§ Task directions
Please reproduce the data exactly, though every picture must stay out.

§ Data in this exercise

● ● ● ● ● ● ●

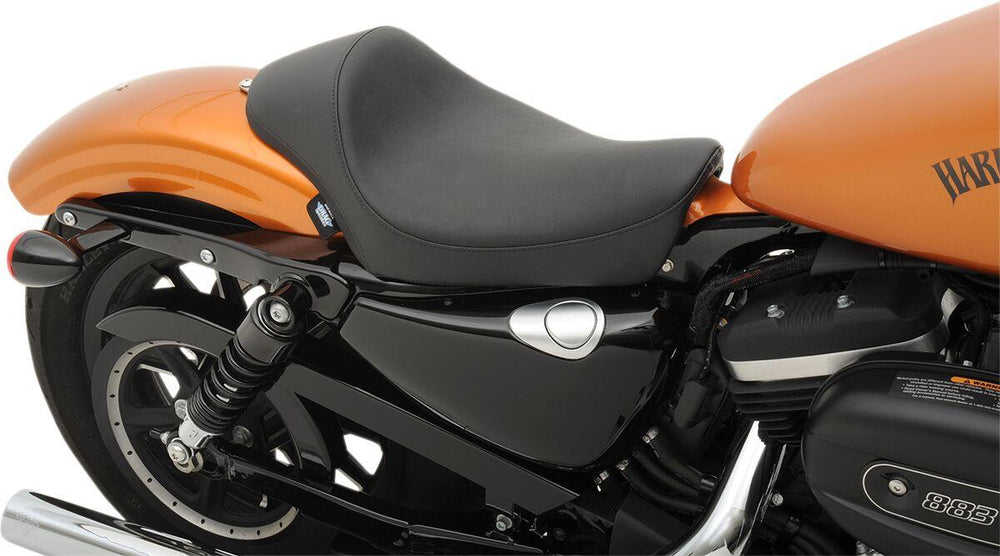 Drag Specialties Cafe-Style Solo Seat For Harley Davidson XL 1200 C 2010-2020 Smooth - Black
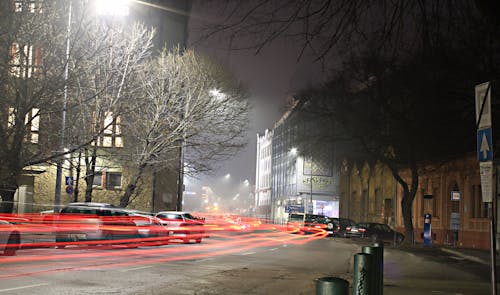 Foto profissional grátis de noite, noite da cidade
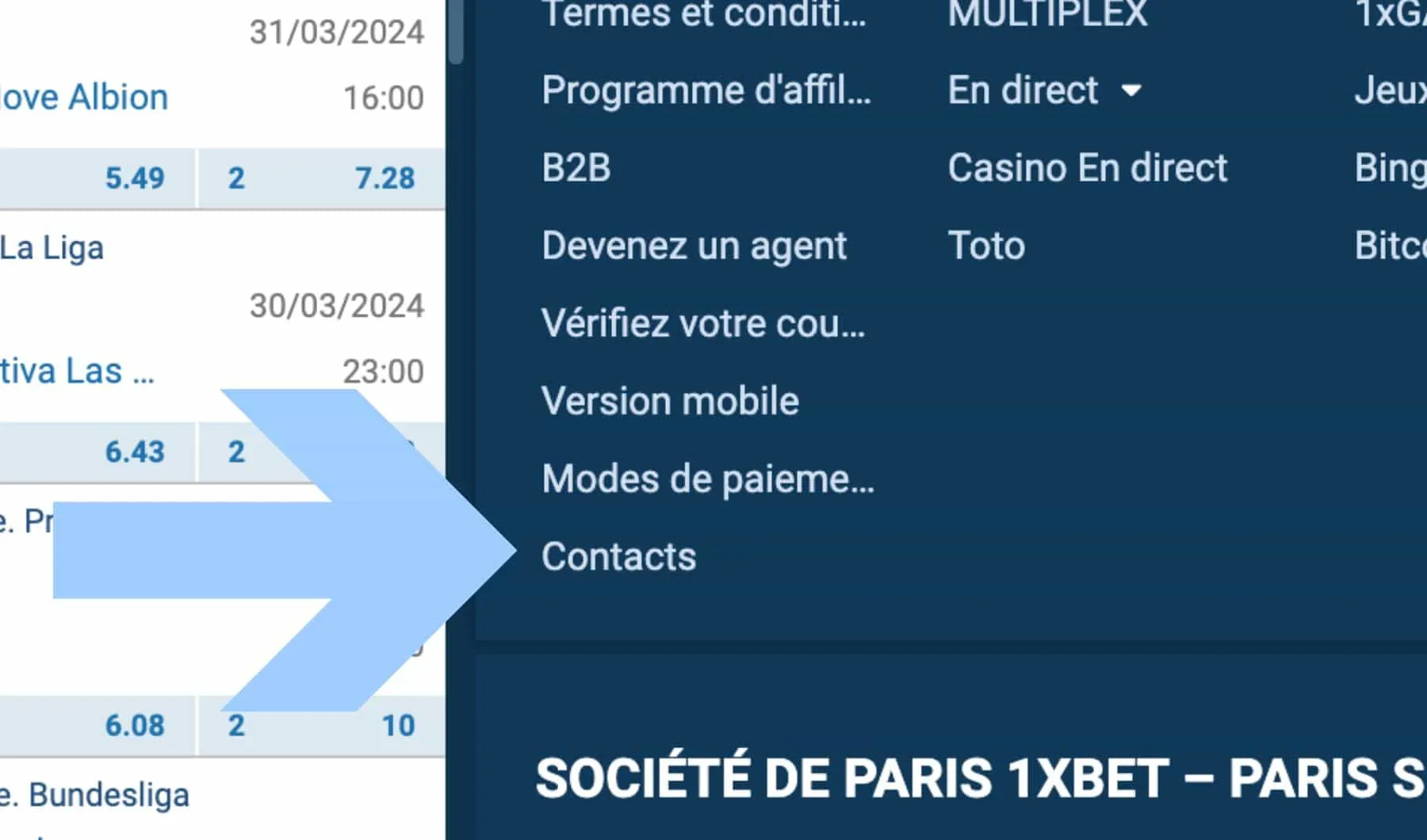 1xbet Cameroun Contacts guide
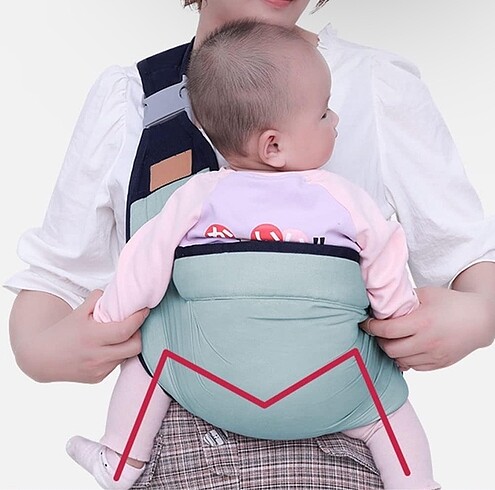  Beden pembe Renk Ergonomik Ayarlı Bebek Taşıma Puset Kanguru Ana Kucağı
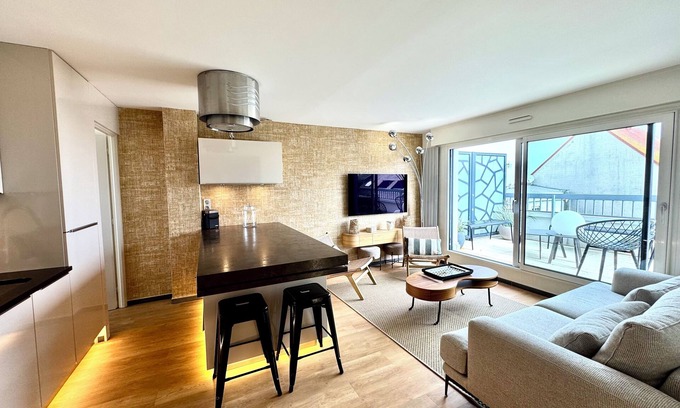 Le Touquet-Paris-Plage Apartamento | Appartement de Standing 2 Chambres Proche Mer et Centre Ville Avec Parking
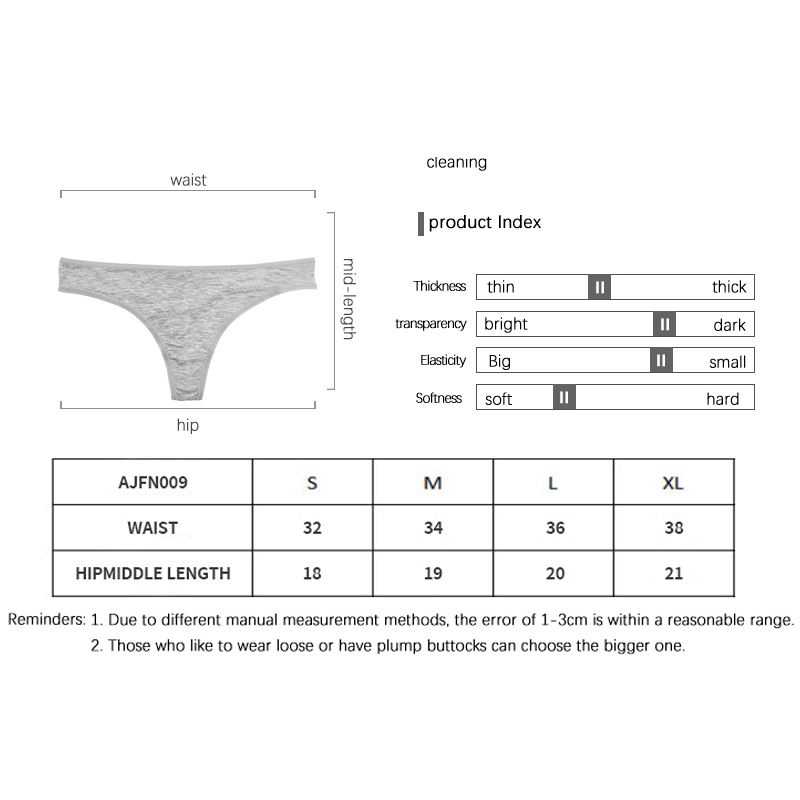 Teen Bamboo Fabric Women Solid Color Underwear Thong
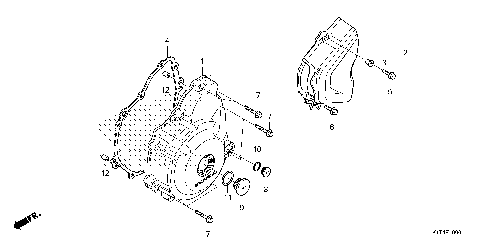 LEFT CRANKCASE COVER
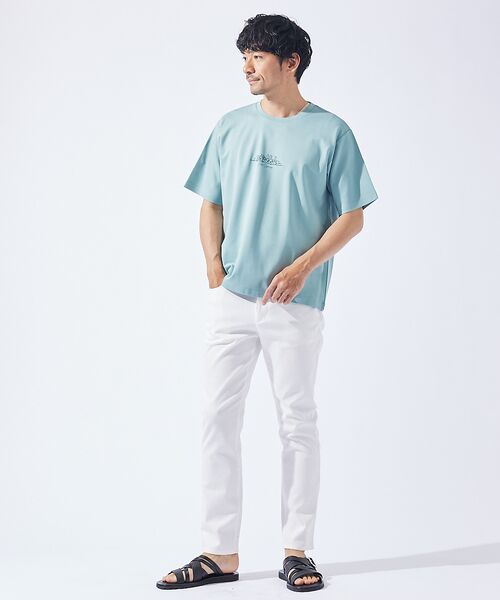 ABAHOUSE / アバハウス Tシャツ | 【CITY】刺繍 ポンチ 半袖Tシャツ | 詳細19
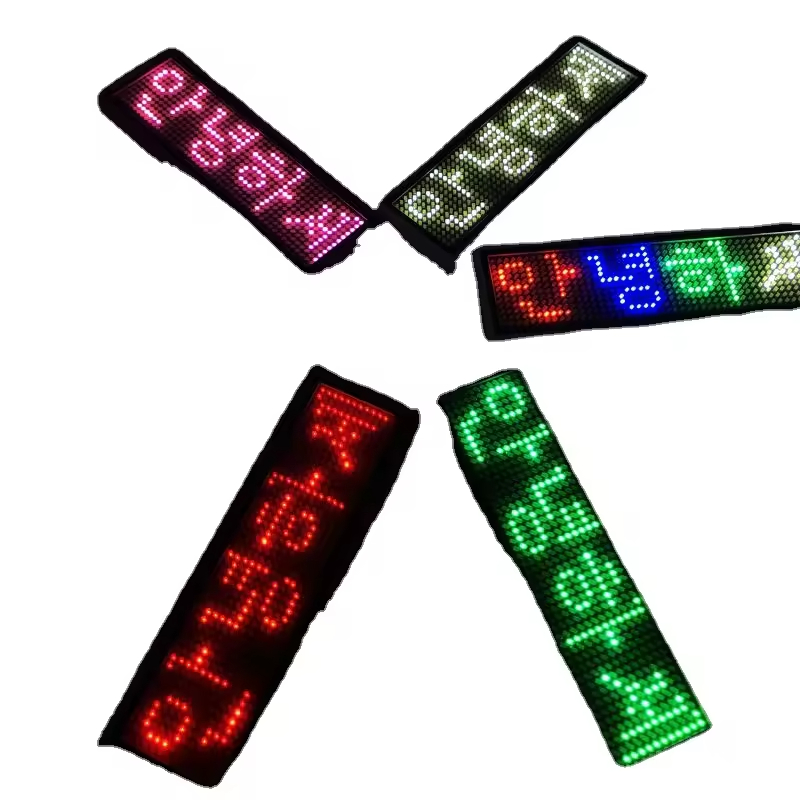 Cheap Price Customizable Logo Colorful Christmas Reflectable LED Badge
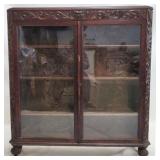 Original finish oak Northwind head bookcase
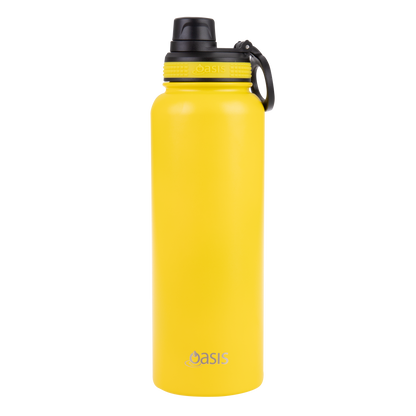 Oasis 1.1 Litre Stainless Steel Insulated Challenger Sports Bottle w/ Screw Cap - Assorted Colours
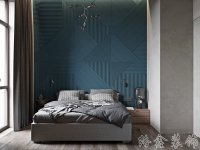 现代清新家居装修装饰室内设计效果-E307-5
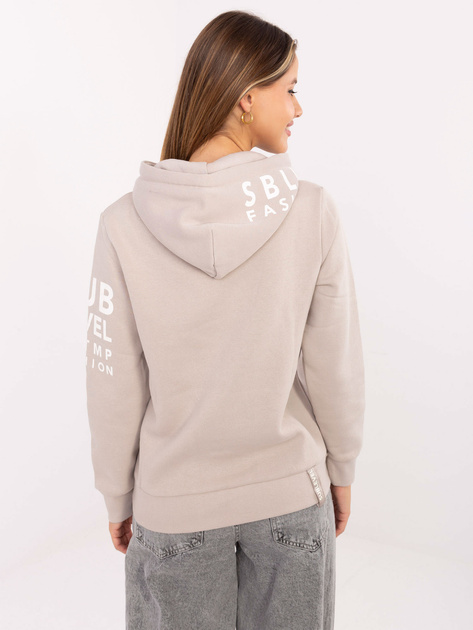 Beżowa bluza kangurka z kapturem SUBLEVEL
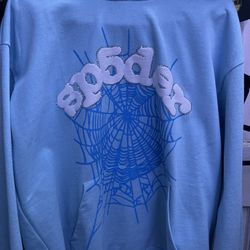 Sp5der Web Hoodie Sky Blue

● ● ● ● ● ● ●

§ Response for this exercise
 Drag Specialties Cafe-Style Solo Seat For Harley Davidson XL 1200 C 2010-2020 Smooth - Black
 Foto profissional grátis de noite, noite da cidade
 1xbet Cameroun Contacts guide
  Beden pembe Renk Ergonomik Ayarlı Bebek Taşıma Puset Kanguru Ana Kucağı
 Le Touquet-Paris-Plage Apartamento | Appartement de Standing 2 Chambres Proche Mer et Centre Ville Avec Parking
 Teen Bamboo Fabric Women Solid Color Underwear Thong
 LEFT CRANKCASE COVER
 ABAHOUSE / アバハウス Tシャツ | 【CITY】刺繍 ポンチ 半袖Tシャツ | 詳細19
 Cheap Price Customizable Logo Colorful Christmas Reflectable LED Badge
 Original finish oak Northwind head bookcase
 Oasis 1.1 Litre Stainless Steel Insulated Challenger Sports Bottle w/ Screw Cap - Assorted Colours
 现代清新家居装修装饰室内设计效果-E307-5
 Beżowa bluza kangurka z kapturem SUBLEVEL
 Sp5der Web Hoodie Sky Blue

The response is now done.